### Work to complete
As you look over the data below, please find each line where the word "Castle" appears, then copy it.

### Records shown
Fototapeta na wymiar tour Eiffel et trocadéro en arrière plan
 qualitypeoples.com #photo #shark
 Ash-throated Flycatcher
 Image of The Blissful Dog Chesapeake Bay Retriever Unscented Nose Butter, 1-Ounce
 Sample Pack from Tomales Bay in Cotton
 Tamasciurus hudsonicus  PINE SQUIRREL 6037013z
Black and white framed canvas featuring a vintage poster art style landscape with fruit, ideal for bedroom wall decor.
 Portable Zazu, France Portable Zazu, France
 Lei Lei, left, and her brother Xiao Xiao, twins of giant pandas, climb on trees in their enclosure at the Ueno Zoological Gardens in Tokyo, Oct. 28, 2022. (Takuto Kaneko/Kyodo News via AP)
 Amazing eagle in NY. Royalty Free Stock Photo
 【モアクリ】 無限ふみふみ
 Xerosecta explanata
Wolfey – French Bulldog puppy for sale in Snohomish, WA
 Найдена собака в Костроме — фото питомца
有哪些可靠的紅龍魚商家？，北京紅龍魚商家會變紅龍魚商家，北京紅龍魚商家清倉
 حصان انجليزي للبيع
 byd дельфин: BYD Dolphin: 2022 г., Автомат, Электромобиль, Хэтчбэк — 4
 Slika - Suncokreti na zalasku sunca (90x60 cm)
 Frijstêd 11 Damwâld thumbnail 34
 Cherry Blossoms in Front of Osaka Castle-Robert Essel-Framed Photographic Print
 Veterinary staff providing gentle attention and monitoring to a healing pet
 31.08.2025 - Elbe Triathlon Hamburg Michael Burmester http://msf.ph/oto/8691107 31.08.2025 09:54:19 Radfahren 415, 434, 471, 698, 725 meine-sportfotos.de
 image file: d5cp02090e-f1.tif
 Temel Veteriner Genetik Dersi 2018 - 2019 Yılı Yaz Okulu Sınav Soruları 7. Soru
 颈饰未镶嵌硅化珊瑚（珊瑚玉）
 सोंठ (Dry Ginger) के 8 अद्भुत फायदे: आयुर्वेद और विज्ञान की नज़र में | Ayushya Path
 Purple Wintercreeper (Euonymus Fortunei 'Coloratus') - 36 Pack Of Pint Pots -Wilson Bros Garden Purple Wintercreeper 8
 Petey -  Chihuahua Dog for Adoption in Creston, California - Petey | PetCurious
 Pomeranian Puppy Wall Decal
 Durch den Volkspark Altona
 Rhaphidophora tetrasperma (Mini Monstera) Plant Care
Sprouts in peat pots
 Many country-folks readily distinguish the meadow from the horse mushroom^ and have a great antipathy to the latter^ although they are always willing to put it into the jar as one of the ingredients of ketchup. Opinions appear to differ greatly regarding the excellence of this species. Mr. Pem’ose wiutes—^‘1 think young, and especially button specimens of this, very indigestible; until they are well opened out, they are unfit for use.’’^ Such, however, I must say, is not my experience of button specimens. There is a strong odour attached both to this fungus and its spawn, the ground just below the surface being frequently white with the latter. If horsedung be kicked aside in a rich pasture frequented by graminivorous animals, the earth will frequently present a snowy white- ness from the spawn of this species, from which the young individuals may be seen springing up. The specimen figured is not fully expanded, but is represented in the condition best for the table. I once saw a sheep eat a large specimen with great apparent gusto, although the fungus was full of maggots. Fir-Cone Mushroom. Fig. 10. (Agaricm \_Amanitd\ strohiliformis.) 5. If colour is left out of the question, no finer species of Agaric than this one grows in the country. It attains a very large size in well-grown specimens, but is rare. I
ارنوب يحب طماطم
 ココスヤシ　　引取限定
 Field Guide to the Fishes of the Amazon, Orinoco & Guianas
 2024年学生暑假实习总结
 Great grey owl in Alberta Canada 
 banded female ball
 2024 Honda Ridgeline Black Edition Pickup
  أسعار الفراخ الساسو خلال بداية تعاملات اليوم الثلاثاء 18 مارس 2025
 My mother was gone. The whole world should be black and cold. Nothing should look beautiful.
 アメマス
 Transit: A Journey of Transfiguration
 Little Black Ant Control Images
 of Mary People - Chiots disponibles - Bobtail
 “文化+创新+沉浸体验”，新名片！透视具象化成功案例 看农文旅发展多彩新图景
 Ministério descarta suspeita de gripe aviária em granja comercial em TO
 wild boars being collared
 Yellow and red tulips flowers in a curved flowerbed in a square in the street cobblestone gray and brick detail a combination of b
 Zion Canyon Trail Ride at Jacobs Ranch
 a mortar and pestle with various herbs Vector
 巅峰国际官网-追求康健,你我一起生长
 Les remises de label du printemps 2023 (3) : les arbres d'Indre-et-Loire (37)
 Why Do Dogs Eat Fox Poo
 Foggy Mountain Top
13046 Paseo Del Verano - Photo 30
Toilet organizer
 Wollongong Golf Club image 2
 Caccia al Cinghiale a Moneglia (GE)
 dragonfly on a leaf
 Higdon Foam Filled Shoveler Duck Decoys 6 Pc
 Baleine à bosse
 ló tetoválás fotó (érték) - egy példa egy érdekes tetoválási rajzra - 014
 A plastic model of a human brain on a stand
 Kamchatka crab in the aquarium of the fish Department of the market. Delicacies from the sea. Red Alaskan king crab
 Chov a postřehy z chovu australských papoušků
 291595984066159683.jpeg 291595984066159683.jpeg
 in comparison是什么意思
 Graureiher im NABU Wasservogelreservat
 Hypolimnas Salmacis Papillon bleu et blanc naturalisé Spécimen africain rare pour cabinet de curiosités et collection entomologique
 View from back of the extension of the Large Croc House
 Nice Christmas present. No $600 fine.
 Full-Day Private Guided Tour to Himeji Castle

### Result
 Cherry Blossoms in Front of Osaka Castle-Robert Essel-Framed Photographic Print
 Full-Day Private Guided Tour to Himeji Castle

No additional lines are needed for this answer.